### What is required
Please print every record below exactly as written, leaving out the pictures.

Short web captions:
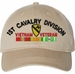 1st Cavalry Division Vietnam Veteran with Ribbons Unstructured Dad Cap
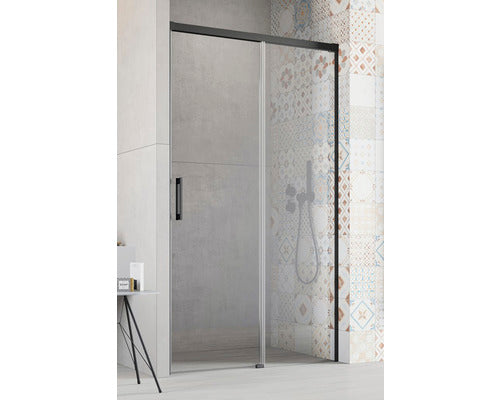 Usa Glisanta Pentru Nisa Radaway Idea Black DWJ Dreapta 140x200,5 cm, Sticla Transparenta, Profil Negru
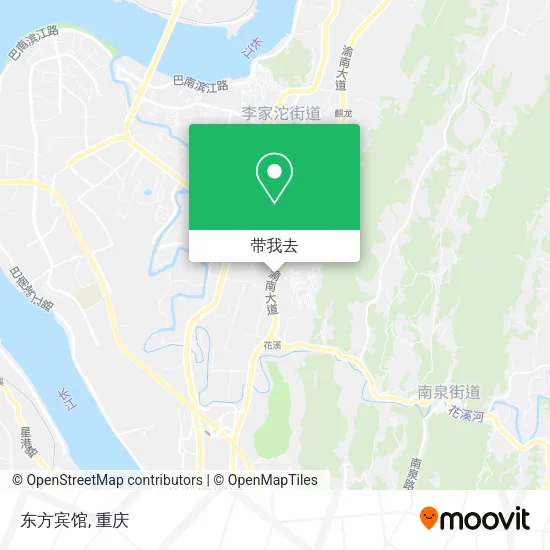 东方宾馆地图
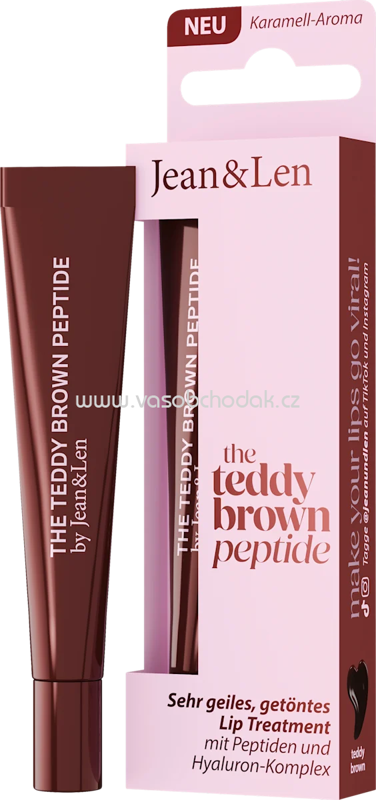 Jean&Len Lippenpflege Treatm.Teddy Brown, 10 ml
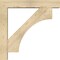 Ekena Millwork Westlake Block Rough Sawn Bracket w/ Offset Brace, Douglas Fir, 6"W x 32"D x 32"H BKT0604X32X32WTL05RDF - alternate 3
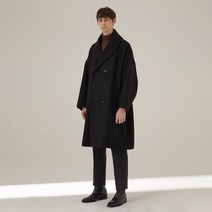 엑스트라 박스핏 울 더블 코트 (블랙)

### Result for this exercise
 1st Cavalry Division Vietnam Veteran with Ribbons Unstructured Dad Cap
 Usa Glisanta Pentru Nisa Radaway Idea Black DWJ Dreapta 140x200,5 cm, Sticla Transparenta, Profil Negru
 东方宾馆地图
 Jean&Len Lippenpflege Treatm.Teddy Brown, 10 ml
 Ekena Millwork Westlake Block Rough Sawn Bracket w/ Offset Brace, Douglas Fir, 6"W x 32"D x 32"H BKT0604X32X32WTL05RDF - alternate 3
 엑스트라 박스핏 울 더블 코트 (블랙)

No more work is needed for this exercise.